During the subsequent course, the patient showed gradual improvement. On discharge from intensive care unit, the patient was conscious and oriented, hemodynamically, and vitally stable, able to take orally after tracheostomy tube decannulation and no longer requiring renal replacement therapy. According to 2019 European Society of Cardiology guidelines, systemic thrombolysis is the main stay of treatment for high risk hemodynamically unstable PE [1]. Other modality of treatment like thrombectomy are reserved for thrombolysis-nonresponsive patients and patients with contraindications and at high risk of bleeding from systemic thrombolysis. Contraindications to thrombolytics can be divided into absolute and relative contraindications, but according to many authors, even the absolute contraindications can be considered as relative in very critical situations [2].
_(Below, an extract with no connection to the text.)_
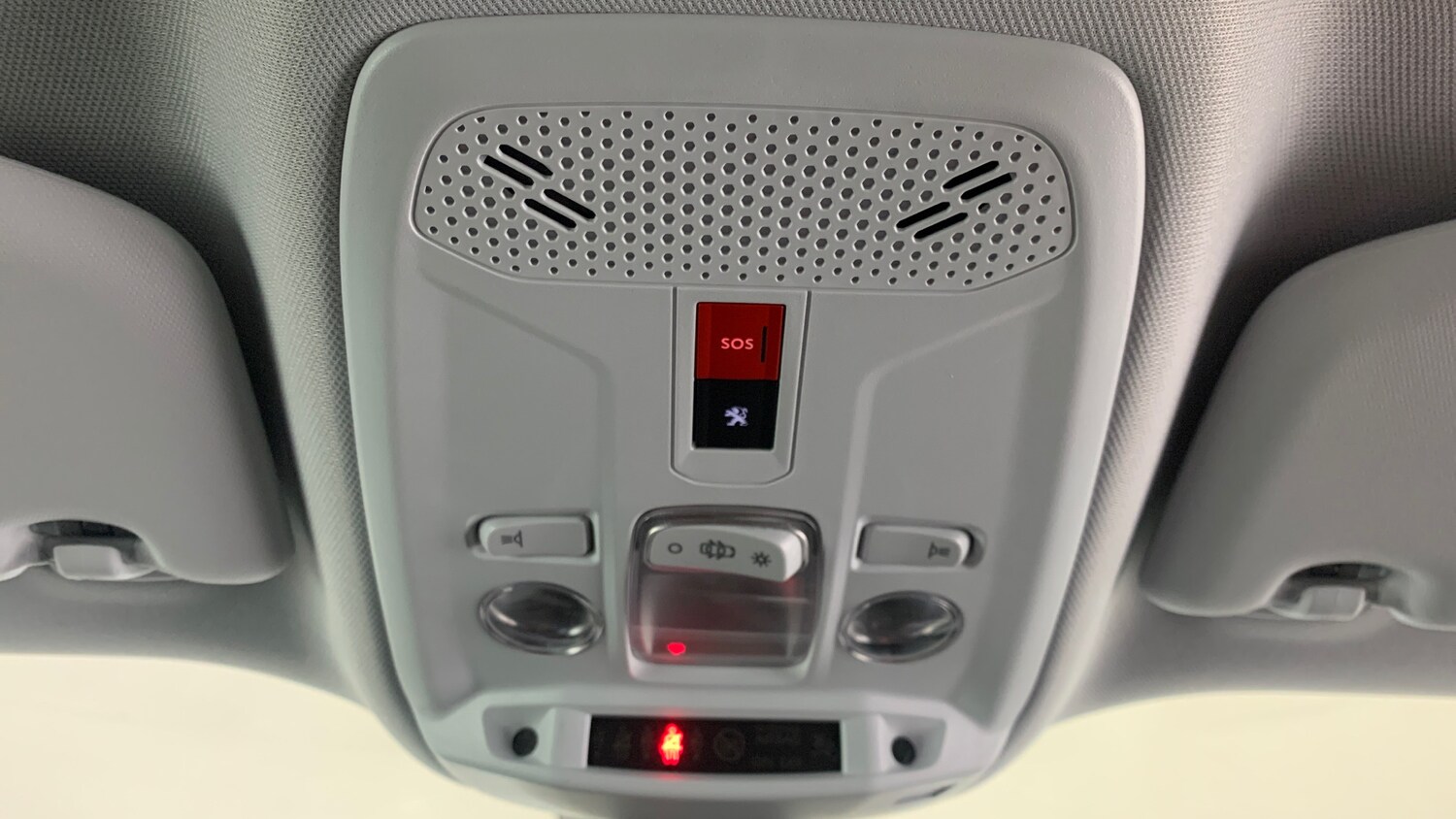 Used Peugeot 2008 2021 for sale - 77132422: Photo 35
In our case the patient encountered recent head trauma with hemorrhagic brain contusion, and he was on oral anticoagulant (warfarin) with PT 23.1 seconds. Both conditions put him at high risk of intracranial bleeding from thrombolytic therapy. Moreover, acute on chronic renal impairment is not a classic exclusion criterion, but still contributes to the risk of bleeding due to the possibility of platelet dysfunction.
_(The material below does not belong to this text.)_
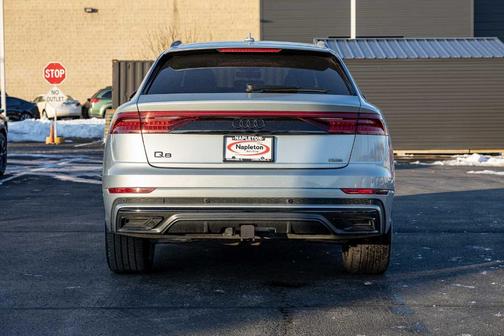 2023 Audi Q8 55 Premium Plus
Based on the high risk of bleeding, it was decided to provide endovascular treatment, but that was refused by the patient relatives. This put us in a challenging situation of rapidly collapsing patient with severe obstructive shock and right ventricular dysfunction. Thus, left with no option, it was decided to give alteplase 10 mg (one tenth of recommended dose) to save the life of the patient that showed a good response in terms of improving the patient’s hemodynamic parameters within few hours and allowed us to taper and stop vasopressors.

The use of reduced dose of alteplase has not reached the level of recommendation till now due to the lack of randomized controlled trials with large sample size, despite some suggestions that it might reduce the risk of bleeding in lower body-weight patient with equivalent efficacy compared to 100-mg dose [3]. In one meta-analysis on reduce dose of alteplase in the acute PE, authors concluded that low dose had similar efficacy but safer than normal dose of alteplase. Additionally, in comparison to heparin, low dose was not associated with increased risk of significant bleeding for eligible PE patients [4]. In another meta-analysis, authors concluded that lower than standard dose alteplase may be an efficacious and safe management option for massive PE, especially in those who are at a high risk of bleeding [5]. However, the dose compared was standard 100 mg versus 0.6 mg/kg with a maximum dose of 50 mg unlike our patient where the dose given was 10 mg.
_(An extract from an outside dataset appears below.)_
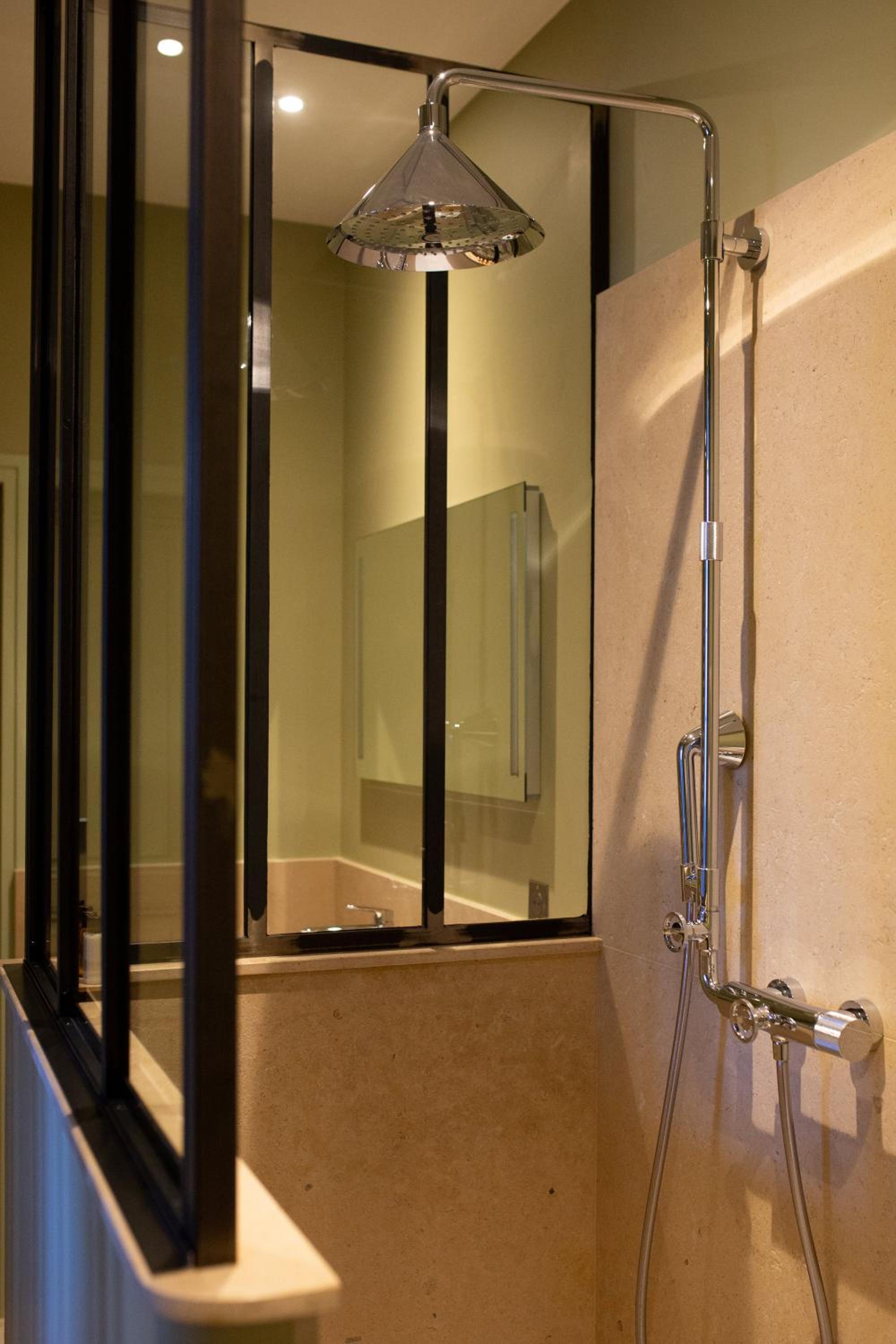 Superior Suite - Photo 8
We believe an individual and case-specific approach should be followed in massive PE, and the treatment plan should be tailored to the patient's risk factors and severity level until clear guidelines regarding the dose of thrombolytics in venous thromboembolic disease become available.

This study did not require institutional review board approval, as it did not involve human participants as part of a research activity and did not include identifiable patient information. Written informed consent for publication was obtained from the patient’s legal guardian.